Similarly, one can view a sokher as a lower form of sho'el. Again, the major purpose in this case is use of the object, not protection. However, since the sokher pays for the use, and the owner benefits as well, the almost absolute liability of a sho'el is inappropriate. The opposite end of the spectrum, with the far-reaching leniencies awarded a shomer chinam is likewise unsuitable, due to the aforementioned discrepancy between shemira and usage. Therefore, the level of liability of a sokher is reduced from that of a sho'el, to a shomer sakhar (see Rashi 80b s.v Rebi Yehuda).
This approach will help explain why sokher is mentioned in the negative within the context of sho'el, and not in the positive in either shomer sakhar or shomer chinam. If we accept the division separating shomrim from users, then of the three other shomrim, sokher is most similar to sho'el. This of course with the additional note that the strict laws of sho'el are inappropriate for sokher.
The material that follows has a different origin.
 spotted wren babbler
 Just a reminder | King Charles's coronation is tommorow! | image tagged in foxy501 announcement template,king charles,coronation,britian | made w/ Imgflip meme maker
It is noteworthy that the Rambam in his commentary on the mishna, views sokher as included within the section of shomer sakhar and not sho'el. This is more suitable to the first suggestion which percieves sokher as an actual shomer sakhar. Similarly, the Rambam (Sefer Ha'mitzvot) divides Shomrim into only three mitzvot; shomer chinam, shomer sakhar and sho'el, and includes sokher within the mitzva of shomer sakhar. Rabbeinu Saadia Gaon, on the other hand, considers sokher as an independent mitzva. His opinion reflects the second suggestion, which essentially distinguishes between sokher and shomer sakhar despite the similarity in law.
In conclusion, we discussed the pesukim which relate to hilkhot shomrim, based on the interpretation of Chazal as expressed in our sugya. While Torah she-bikhtav discusses various cases and examples, Torah she-ba'al peh analyses and defines, categorizes and codifies. The result is a comprehensive legal system which relates to concepts not cases, ideas not events.
In this introductory shiur, we tried to show how Chazal defined and differentiated between the four prototypical shomrim. We suggested that these four categories could perhaps be grouped into two distinct sets. In future shiurim, we will discuss the specifics of each shomer in greater detail, and hopefully appreciate the underlying concepts in a more profound manner.
1. 94b "Ve-hasho'el meshalem et ha-kol ... teshuva."
2. 96b "De-hahu gavra ... demei mana," Bava Kama 11a "Amar Shmuel ... ve-Rav Asi," Tosafot s.v. Ein.
3. Ketubot 34b "Hayta para ... ve-hainu de-Rav Papa."
1. The gemara initially assumes that a sho'el is liable for death which is categorized as an oness but not for looting. What does this indicate regarding the nature of the liability of a sho'el?
2. When the gemara rejects this assumption, does it necessarily retract this initial understanding of the liability of a sho'el?
3. What is the pivotal issue around which the question of "shamin le-sho'el" revolves?
4. Why might a sho'el be liable from the point of meshikha? Is this specific to sho'el or equally applicable to all shomrim?